### WORK INSTRUCTIONS:
Pictures are to be dropped, and only the lines from the one containing "FEDERAL - PREMIUM" through the end of the data below are to be reproduced as written.

━━ DATA SUPPLIED ━━

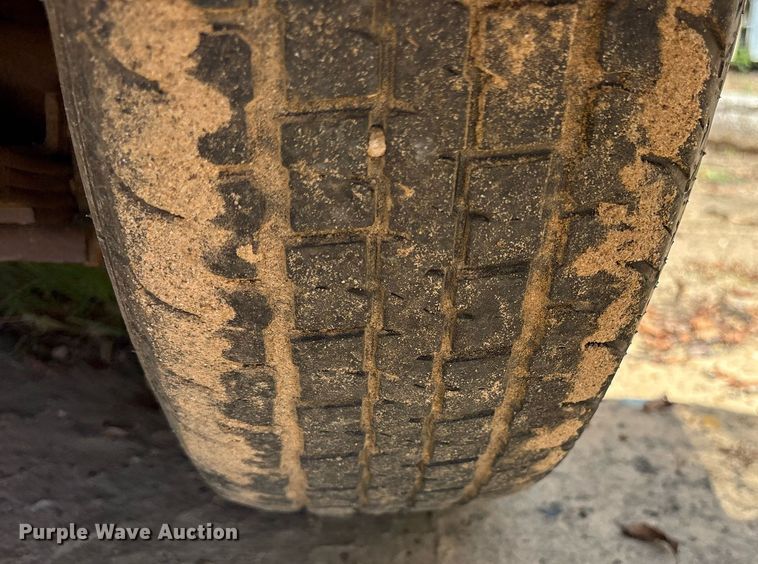 image for item DY0869 2019 Wells Cargo enclosed cargo trailer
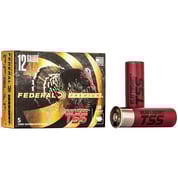 FEDERAL - PREMIUM HEAVYWEIGHT TSS 12 GAUGE 3" #9 SHOT SHOTGUN AMMO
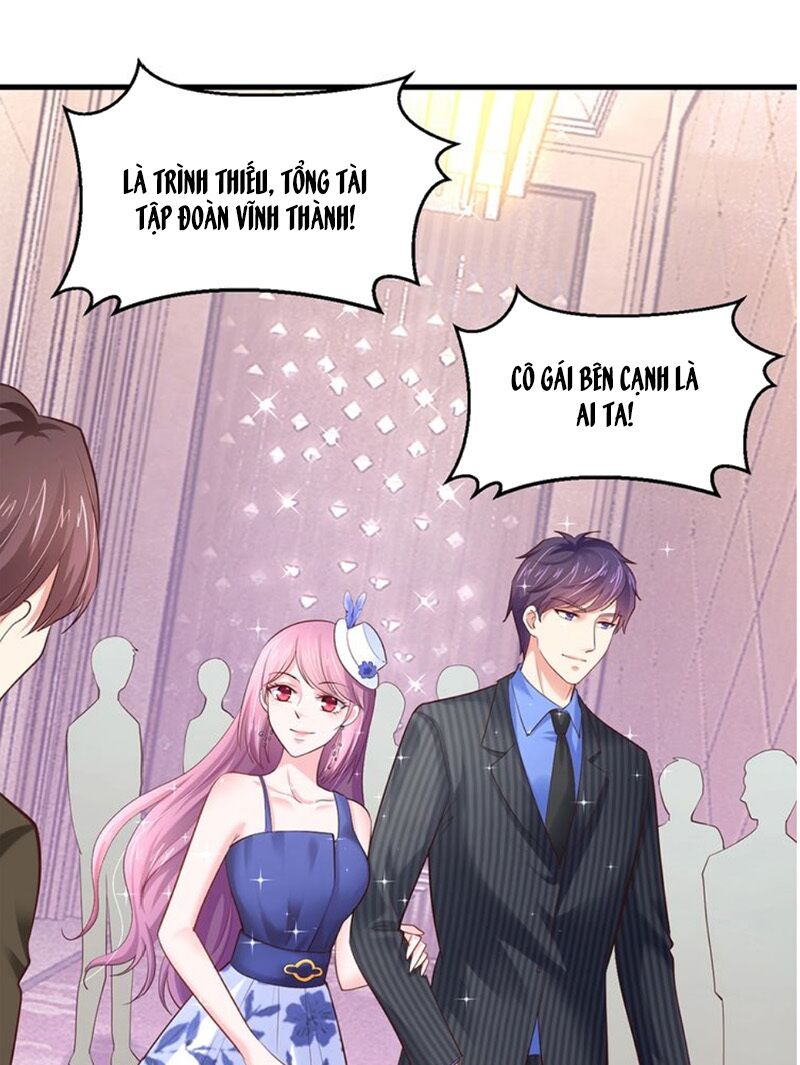 Thú cưng độc quyền của boss: Chapter 31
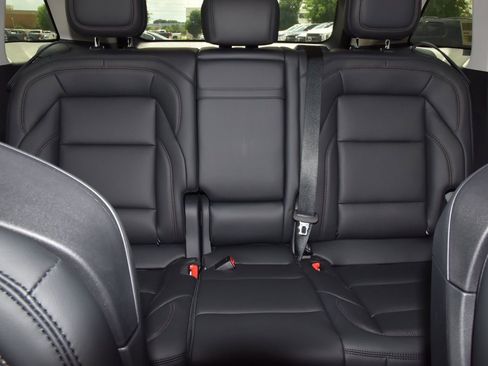 New 2026 Lincoln Nautilus Premier AWD/4WD image 49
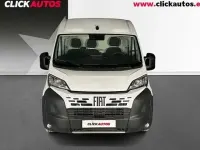 Usado Fiat Ducato 140 CV (102 kW) 2025 Van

━━━

### SOLUTION BELOW:
 FEDERAL - PREMIUM HEAVYWEIGHT TSS 12 GAUGE 3" #9 SHOT SHOTGUN AMMO
 Thú cưng độc quyền của boss: Chapter 31
 New 2026 Lincoln Nautilus Premier AWD/4WD image 49
 Usado Fiat Ducato 140 CV (102 kW) 2025 Van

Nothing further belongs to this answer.